Thursday, March 10, 2011

Rules versus objectives

You've probably heard this one before: The principal has some complicated objective he wants the agent to pursue, but he can't get the agent to care about this objective directly. Instead, he can only create a bunch of rules that approximately incentivize the right behavior.

We face versions of this problem all the time, right? Any time we wish upon a genie, to cite one common example. Or, teachers may want their students to develop a deep understanding of the material, but they can only design exams that push students to learn approximately the right sort of stuff. (Some are more successful than others). Employers face a similar problem motivating their employees to do what's best for the company. The government, too, has complicated social objectives, but all it can do is create a set of laws.

The thing is that objectives are rarely simple, but rules generally need to be. Simple to communicate, simple to follow, simple to measure whether people are violating the rules or not. Therefore rules are biased towards being simple, whether the objective that generated them is complicated or not.

Now, with that as a prelude, what interests me is the problem of inferring objectives from rules. What if I, a lowly agent, actually care about the objective, but I can't observe it directly? What if I can only see the rules? Well, given the above, I should be especially leery of inferring simple objectives just because the rules are simple -- after all, the rules would be simple either way!

To be concrete, perhaps I am a benevolent citizen of society, and I'm trying to act in a way that is best for society (i.e. the actual objective of a benevolent government). I know what's legal, but not necessarily what behavior is best (for society). What can I infer from the laws? Hmm.

Well, here's something I can't infer. I can't infer that the laws themselves perfectly represent society's true goals. Is it socially optimal to come to a complete stop at every stop sign? Whether or not it is, you can bet the law will say "Come to a complete stop," because that's the simple statement closest in meaning to the true goal. So, reversing this, we can't infer from "Come to a complete stop" that a complete stop is actually what society wants us to do, right?

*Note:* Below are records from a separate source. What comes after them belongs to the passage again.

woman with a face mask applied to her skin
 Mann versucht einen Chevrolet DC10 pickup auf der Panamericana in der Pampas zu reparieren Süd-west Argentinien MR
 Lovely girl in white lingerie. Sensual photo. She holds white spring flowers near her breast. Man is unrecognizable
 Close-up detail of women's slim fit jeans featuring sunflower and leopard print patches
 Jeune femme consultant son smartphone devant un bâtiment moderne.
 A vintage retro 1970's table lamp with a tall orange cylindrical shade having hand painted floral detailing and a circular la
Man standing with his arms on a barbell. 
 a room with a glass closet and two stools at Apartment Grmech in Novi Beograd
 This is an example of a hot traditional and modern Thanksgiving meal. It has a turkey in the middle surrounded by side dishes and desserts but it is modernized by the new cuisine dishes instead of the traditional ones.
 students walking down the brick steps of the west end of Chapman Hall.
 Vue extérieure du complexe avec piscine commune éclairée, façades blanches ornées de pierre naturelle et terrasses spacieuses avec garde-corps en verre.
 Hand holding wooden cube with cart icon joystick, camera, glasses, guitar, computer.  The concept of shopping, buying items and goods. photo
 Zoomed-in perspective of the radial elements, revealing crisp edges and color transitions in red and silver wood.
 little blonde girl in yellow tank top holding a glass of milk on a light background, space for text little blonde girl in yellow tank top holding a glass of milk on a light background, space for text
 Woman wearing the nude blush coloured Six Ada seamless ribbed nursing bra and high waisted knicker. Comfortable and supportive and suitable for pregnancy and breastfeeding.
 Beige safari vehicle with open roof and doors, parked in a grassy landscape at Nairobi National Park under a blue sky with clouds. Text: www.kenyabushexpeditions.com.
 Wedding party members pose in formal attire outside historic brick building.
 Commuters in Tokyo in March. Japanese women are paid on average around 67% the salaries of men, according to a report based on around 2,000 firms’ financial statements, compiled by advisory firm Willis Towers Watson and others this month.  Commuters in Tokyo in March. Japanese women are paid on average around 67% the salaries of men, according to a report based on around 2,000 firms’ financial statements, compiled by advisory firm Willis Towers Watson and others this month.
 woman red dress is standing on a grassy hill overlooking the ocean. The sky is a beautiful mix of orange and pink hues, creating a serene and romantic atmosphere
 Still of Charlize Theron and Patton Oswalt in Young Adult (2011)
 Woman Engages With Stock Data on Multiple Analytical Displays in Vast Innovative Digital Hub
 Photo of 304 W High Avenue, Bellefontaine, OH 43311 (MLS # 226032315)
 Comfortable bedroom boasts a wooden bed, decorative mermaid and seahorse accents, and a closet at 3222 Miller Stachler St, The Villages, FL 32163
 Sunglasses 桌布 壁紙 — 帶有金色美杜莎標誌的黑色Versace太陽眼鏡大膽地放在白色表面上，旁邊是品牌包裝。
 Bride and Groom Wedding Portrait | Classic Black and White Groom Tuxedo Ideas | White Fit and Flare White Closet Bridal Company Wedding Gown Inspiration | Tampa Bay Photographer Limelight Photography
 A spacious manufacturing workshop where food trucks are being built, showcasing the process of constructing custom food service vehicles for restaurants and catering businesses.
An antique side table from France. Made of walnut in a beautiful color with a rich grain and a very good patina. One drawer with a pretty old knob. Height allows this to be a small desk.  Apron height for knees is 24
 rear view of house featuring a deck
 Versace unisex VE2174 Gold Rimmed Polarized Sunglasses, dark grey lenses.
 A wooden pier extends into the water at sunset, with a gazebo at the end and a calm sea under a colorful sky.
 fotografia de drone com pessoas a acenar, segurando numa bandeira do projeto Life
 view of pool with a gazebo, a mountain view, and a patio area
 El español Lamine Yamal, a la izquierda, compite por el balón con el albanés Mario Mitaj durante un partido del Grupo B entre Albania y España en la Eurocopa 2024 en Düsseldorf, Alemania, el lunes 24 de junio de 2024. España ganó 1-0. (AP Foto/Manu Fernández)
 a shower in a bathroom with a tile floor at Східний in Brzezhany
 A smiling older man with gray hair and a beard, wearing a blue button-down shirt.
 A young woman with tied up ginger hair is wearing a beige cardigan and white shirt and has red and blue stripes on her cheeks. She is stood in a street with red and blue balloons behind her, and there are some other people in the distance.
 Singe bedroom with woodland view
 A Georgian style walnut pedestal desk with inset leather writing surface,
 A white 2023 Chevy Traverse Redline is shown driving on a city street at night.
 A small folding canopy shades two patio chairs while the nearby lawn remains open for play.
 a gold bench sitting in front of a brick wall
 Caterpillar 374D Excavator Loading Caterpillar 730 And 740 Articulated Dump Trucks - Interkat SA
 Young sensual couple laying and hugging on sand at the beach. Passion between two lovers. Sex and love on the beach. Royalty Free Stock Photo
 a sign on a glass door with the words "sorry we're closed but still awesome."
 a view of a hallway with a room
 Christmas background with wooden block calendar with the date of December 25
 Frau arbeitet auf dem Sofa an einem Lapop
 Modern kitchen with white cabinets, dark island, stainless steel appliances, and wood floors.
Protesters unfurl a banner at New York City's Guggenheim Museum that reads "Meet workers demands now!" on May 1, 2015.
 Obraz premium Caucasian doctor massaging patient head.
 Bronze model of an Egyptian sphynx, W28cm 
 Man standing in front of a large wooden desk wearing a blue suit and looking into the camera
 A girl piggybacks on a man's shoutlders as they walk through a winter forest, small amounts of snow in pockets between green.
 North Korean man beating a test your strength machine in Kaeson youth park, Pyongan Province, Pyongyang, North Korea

I worry that when the objective is not readily observable, people have a tendency to fixate on the rules themselves, to revere the rules as if they are the ultimate goal, as if following the rules is what makes you a "good" citizen. But legality is not the true benchmark of what's best for society, so it does not deserve our reverence. If you roll stop signs, on some level you may feel like you're committing a minor infraction against society -- an infraction that is perhaps justified by your right to care about your own wellbeing -- rather than recognizing that it is probably optimal for society if people don't always come to a complete stop. Society spends a lot of time inculcating this idea, "Obey the Law, it's the right thing to do," but we should really move beyond it where we can. Society doesn't really want people to focus on obeying its laws, just like teachers don't really want students to focus on learning the particular material they can feasibly be tested on.

*

As long as we're here, I will just post a provocative question. Like societal law, religion generally offers simple rules for how to behave. In this context people are very interested in figuring out the actual objective of God, so perhaps they should entertain the possibility that the rules may not perfectly represent his true objective. For many, the rules become the "definition" of right and wrong according to God. But might he not believe in a more complicated notion of right and wrong and still find it optimal to send the same message? Is what he says actually sufficient to determine what motivated him to say it?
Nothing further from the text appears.